On ne va pas discuter ici du statut des victimes côté sioniste qui étaient loin d'être toutes civiles mais quand même repréciser que l'opération dite « inondation d'al-Aqsa» n'était pas motivée par une haine irrationnelle des juifs excitée en sous-main par un gouvernement ou un mouvement politique. C'était une action de type militaire contre une puissance qui non seulement occupe la patrie du peuple palestinien mais implante des populations civiles (mais armées) qui sont venues et viennent de l'étranger se substituer aux populations indigènes chassées de chez elles. De tels processus ont existé ailleurs, on pense à l'Amérique du Nord, à l'Australie mais aussi à l'Algérie et à l'Afrique du Sud. Dans les deux derniers cas cependant, la puissance coloniale n'avait pas réussi à créer un déséquilibre démographique en sa faveur.

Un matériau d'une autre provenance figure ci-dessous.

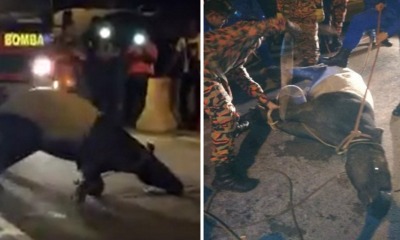 Malaysians Horrified After Endangered Tapir Dies From Mistreatment by Authorities - WORLD OF BUZZ 7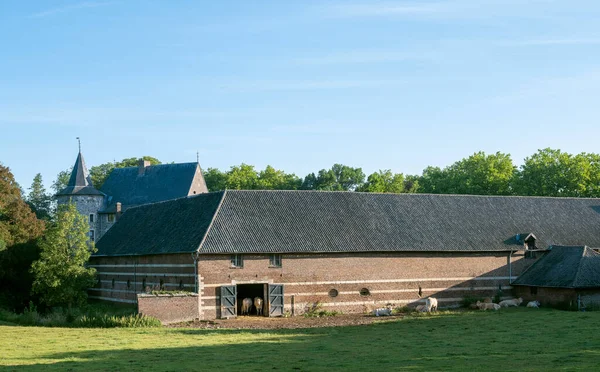 Duża Stara Farma Holenderskim Limburgu Białe Krowy Wczesnym Letnim Słońcu — Zdjęcie stockowe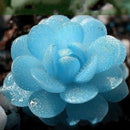 Egrow 100 PCS Blue Lithops Perennial Pseudotruncatella Seeds Kyanite Succulent Garden Plants Seed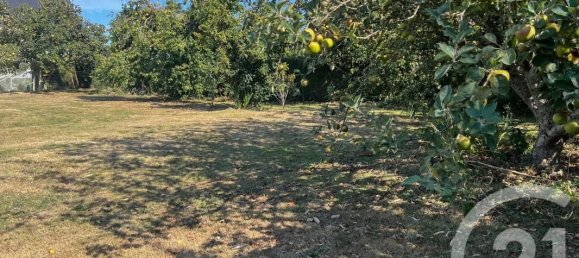 4 Schlafzimmer Haus in Manche, France, Nr. 354264 12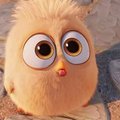 My Avatar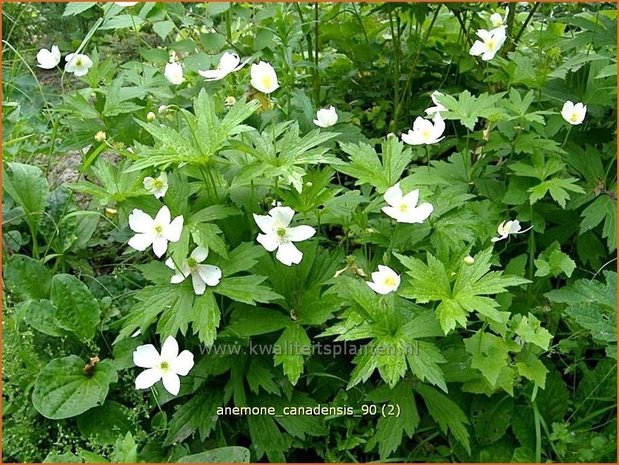 Anemone canadensis | Canadese anemoon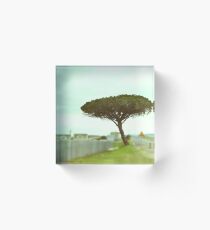 Solo in Suburbia Acrylic Block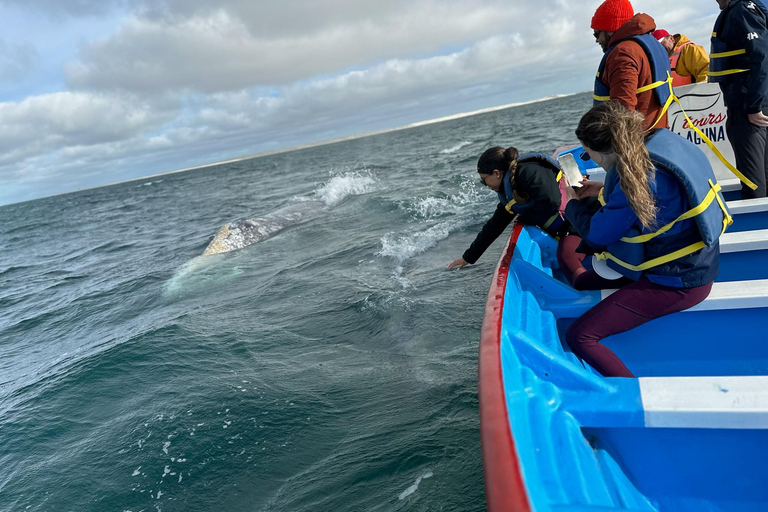 Grey Whale Watching at Mag Bay From Loreto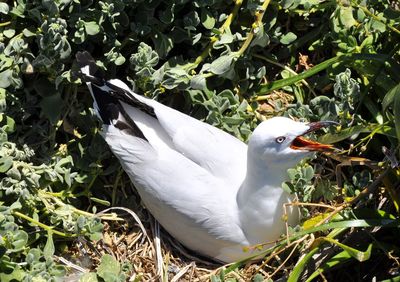 Close-up of seagull in nest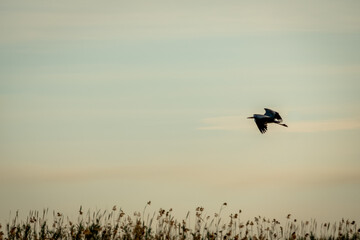 Heron flying in the blue sky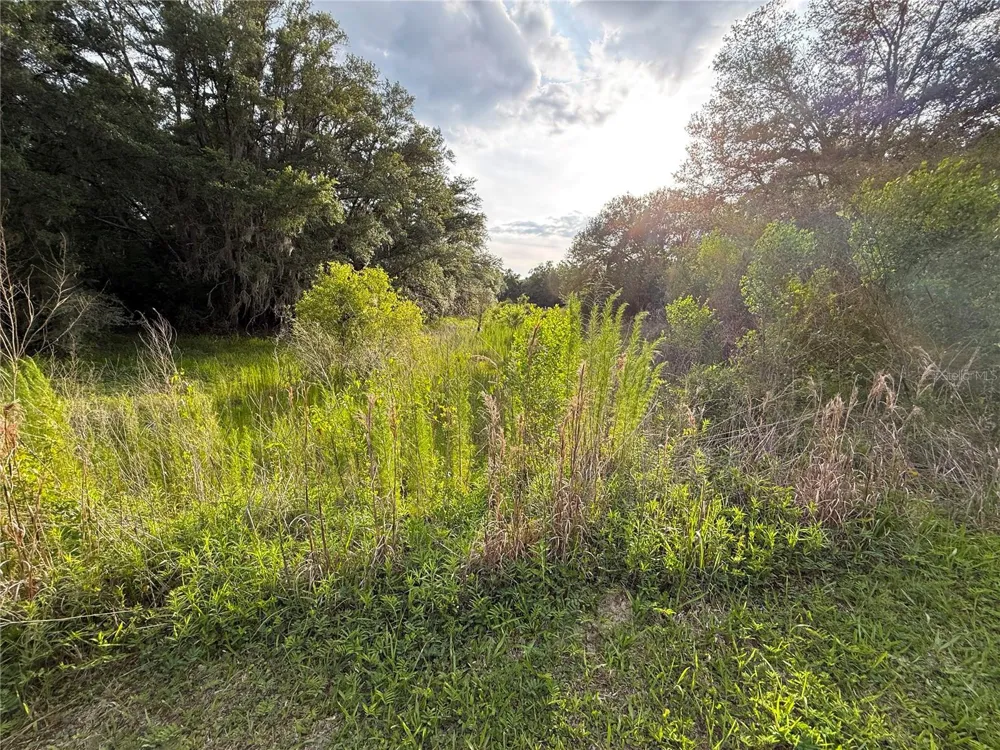 000 NW 68 TERRACE Chiefland, FL 32626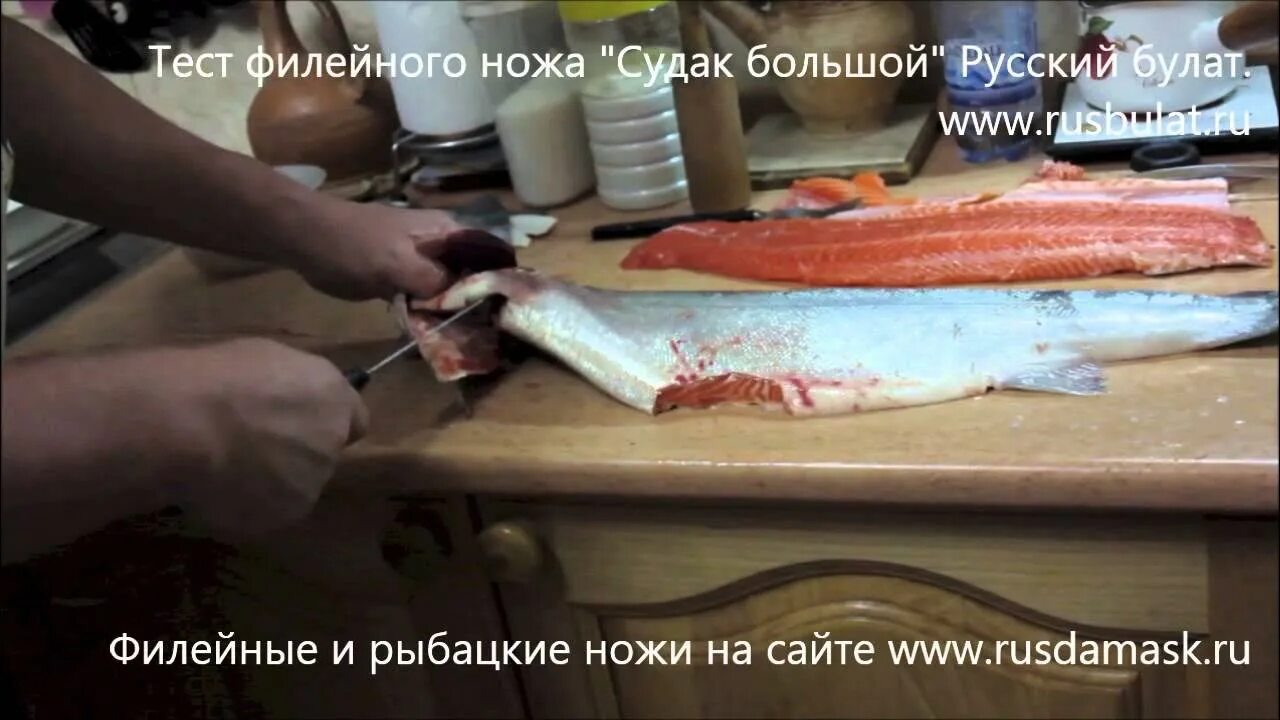 Как разрезать форель для засолки. Разделать форель для засолки. как разделать форель для засолки в домашних. нож форель русский булат. разделка форели для засолки в домашних.
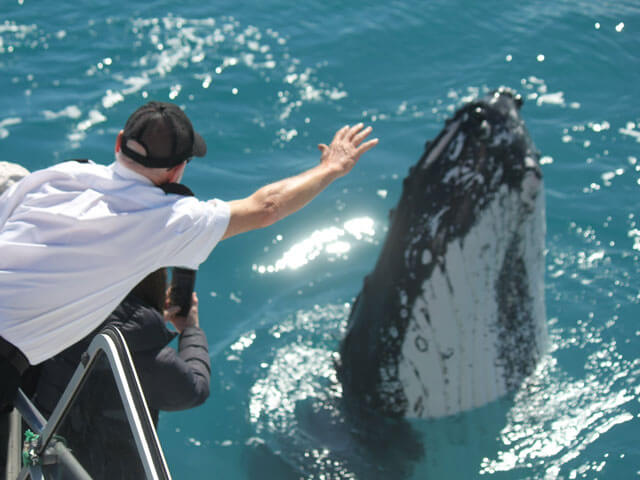 Hervey Bay Whale Watch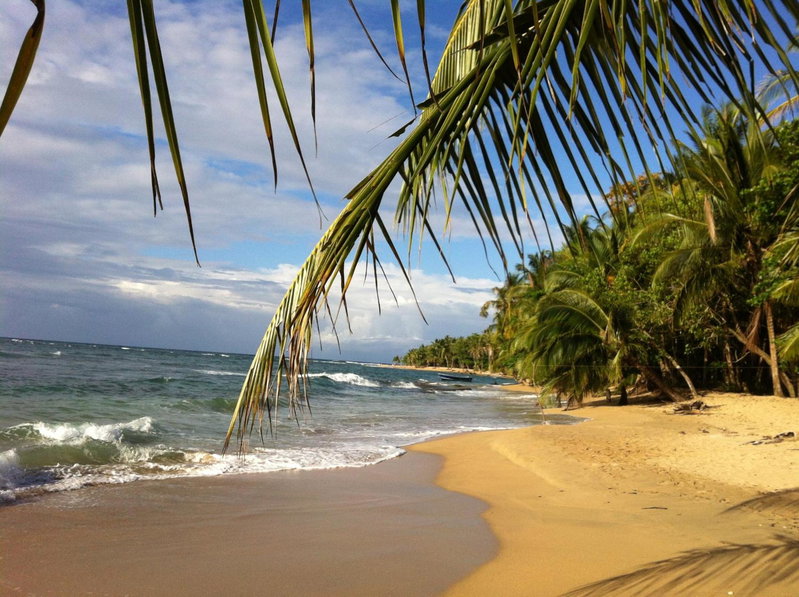 Roots Family, Puerto Viejo, Costa Rica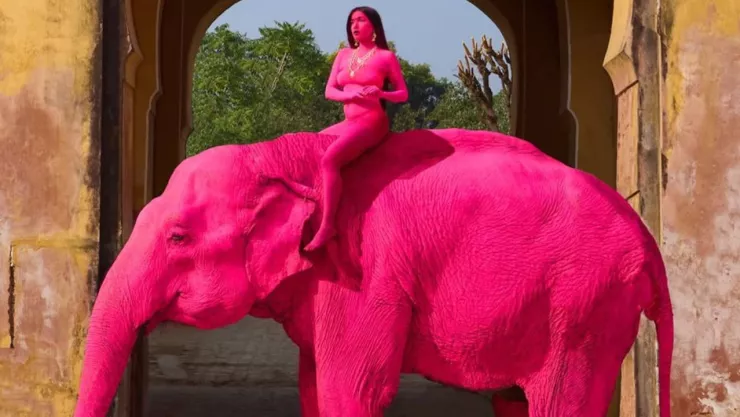 Caso del elefante rosa en India genera dudas: fallece tras sesión y abren investigación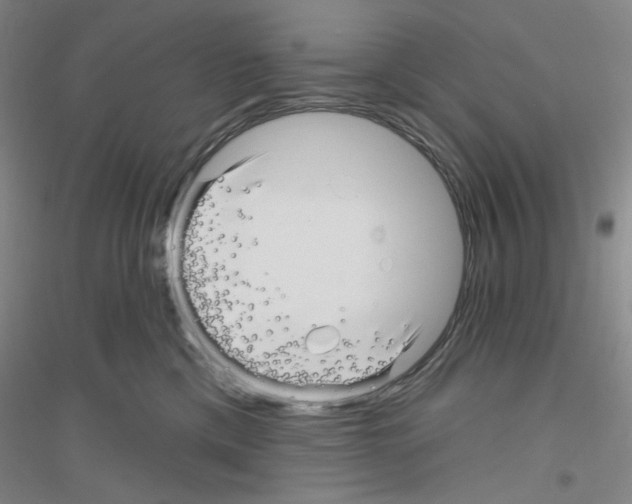 X0000116870425201002021131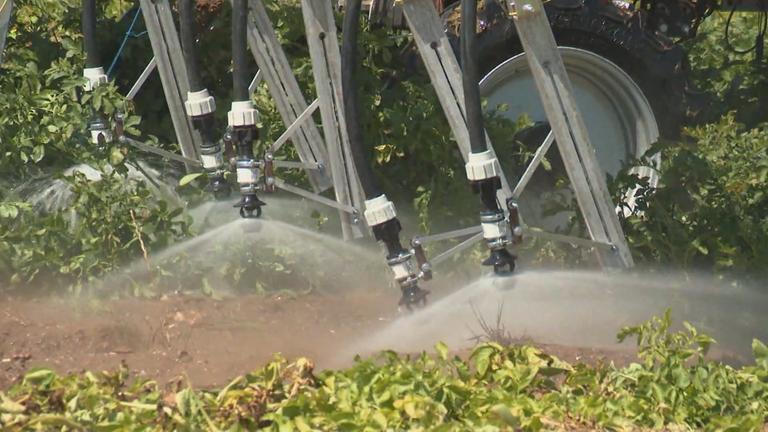 Pestizid-Beschränkungen in Frankreich	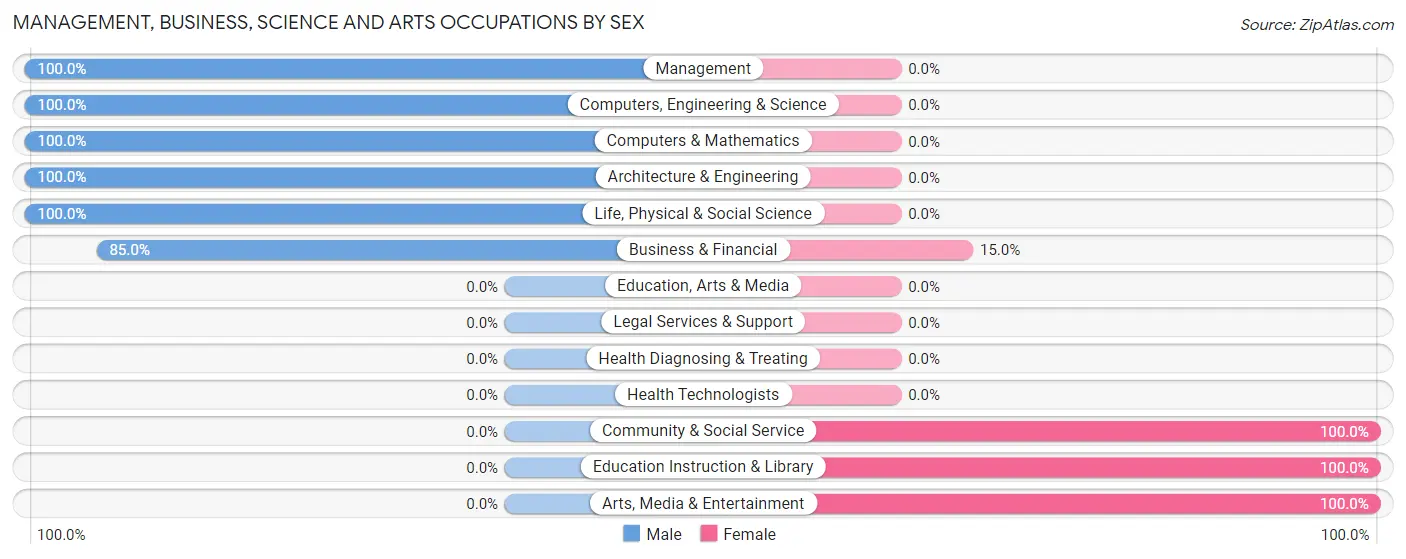 Management, Business, Science and Arts Occupations by Sex in Nelliston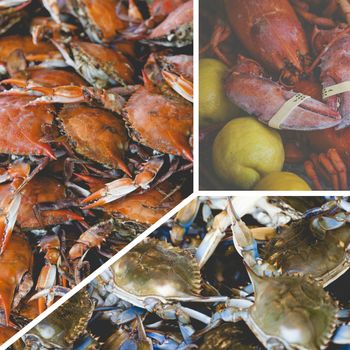 Collage of Crabs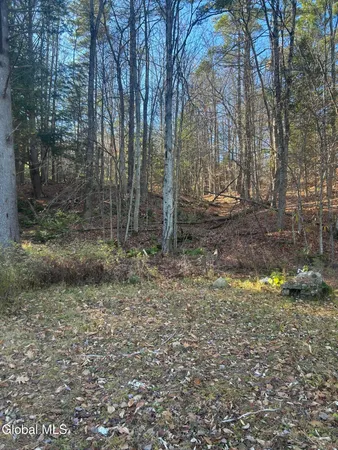 $159,000 | 3733 Highway 28, Johnsburg, NY 12853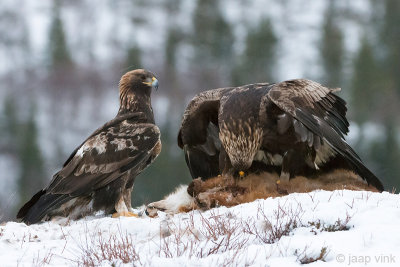 Golden Eagle - Steenarend - Aquila chrysaetos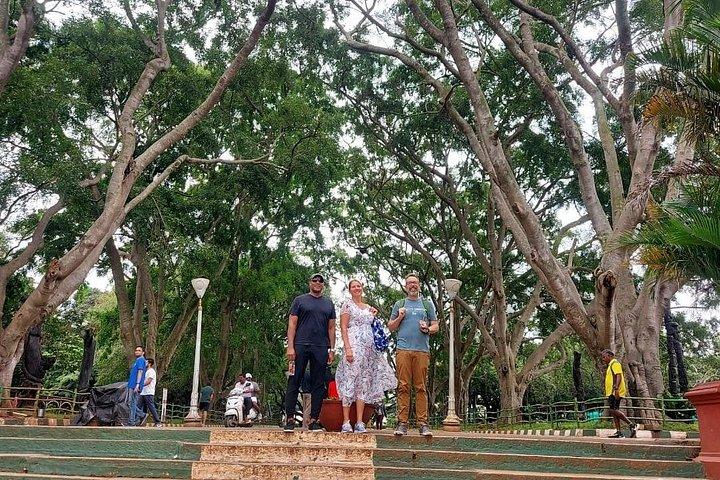 Upplev Bangalore - stadsrundtur, autentisk mat och marknad (mat/kultur/historia)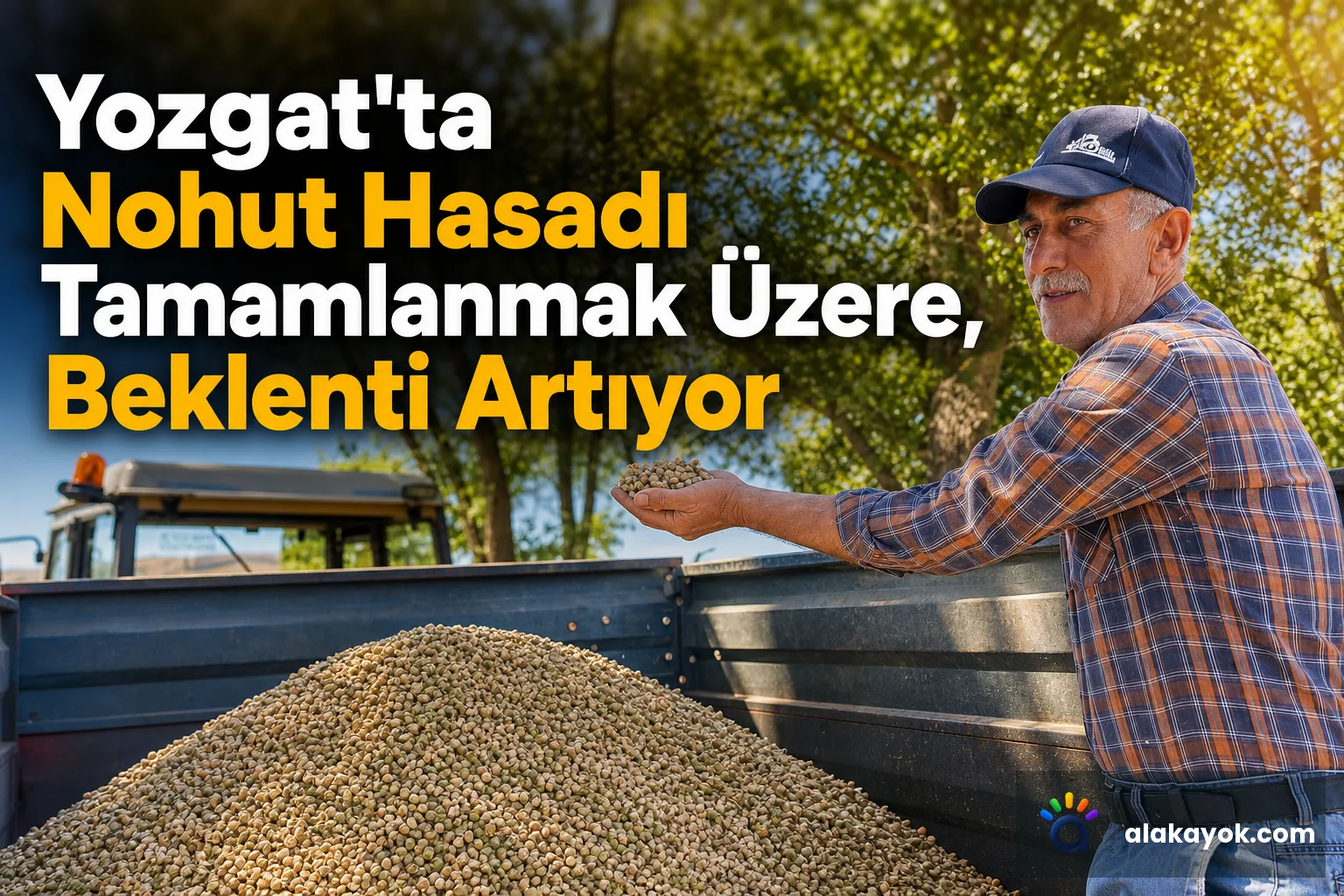 Yozgat'ta Nohut Hasadı Tamamlanmak Üzere, Beklenti Artıyor
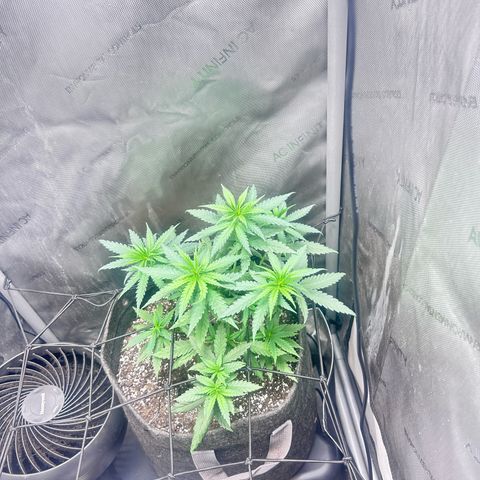 NL growlog photo: flipping today when lights go off 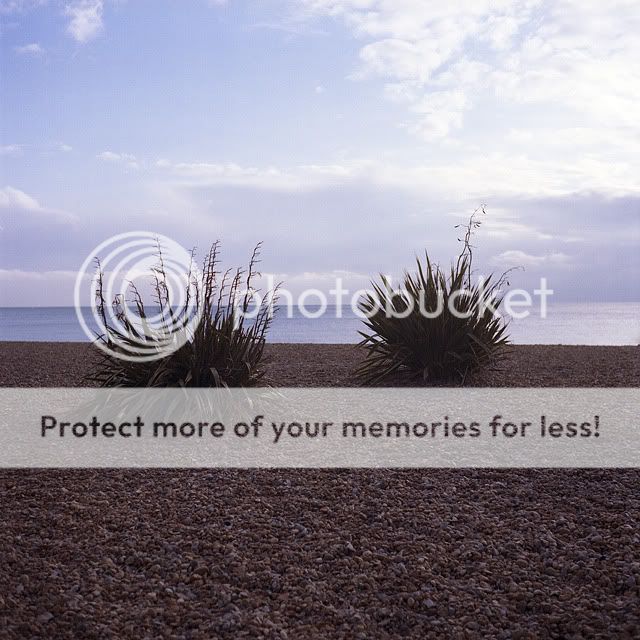 Brighton10-BeachBushes.jpg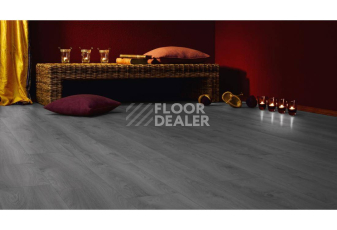Kronotex Mammut Plus d3670 Дуб Макро Светло-серый фото 4 | FLOORDEALER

Quoi qu'il en soit, si les militants sionistes pouvaient espérer au début que dans leur malheur ils pourraient quand même tirer un bénéfice en termes d'image, la suite les a fortement contrariés. La raison en est la guerre que le régime sioniste a livré moins au Hamas et aux autres factions palestiniennes qu'il n'est pas parvenu et n'a pas la capacité de vaincre, qu'à la population civile dont il a fait grand carnage. À quoi s'ajoutent les destructions de maisons, d'écoles, d'universités, de lieux de culte, de centres de santé...

En résumé un processus génocidaire destiné à faire disparaître une société humaine.

Aujourd'hui, l'image de l'État prétendu juif est passée ce celle du David confronté au méchant Goliath à celle d'une État profondément immoral. Et ce, malgré le quasi-silence voire la complicité des médias dits «mainstream» qu'ils soient publics ou privés.

Ce changement d'image est particulièrement net chez les jeunes qui ne se contentent plus depuis un certain temps de l'information diffusée par ces fameux médias mais s'appuient sur Internet, les chaînes de YouTube et les réseaux sociaux.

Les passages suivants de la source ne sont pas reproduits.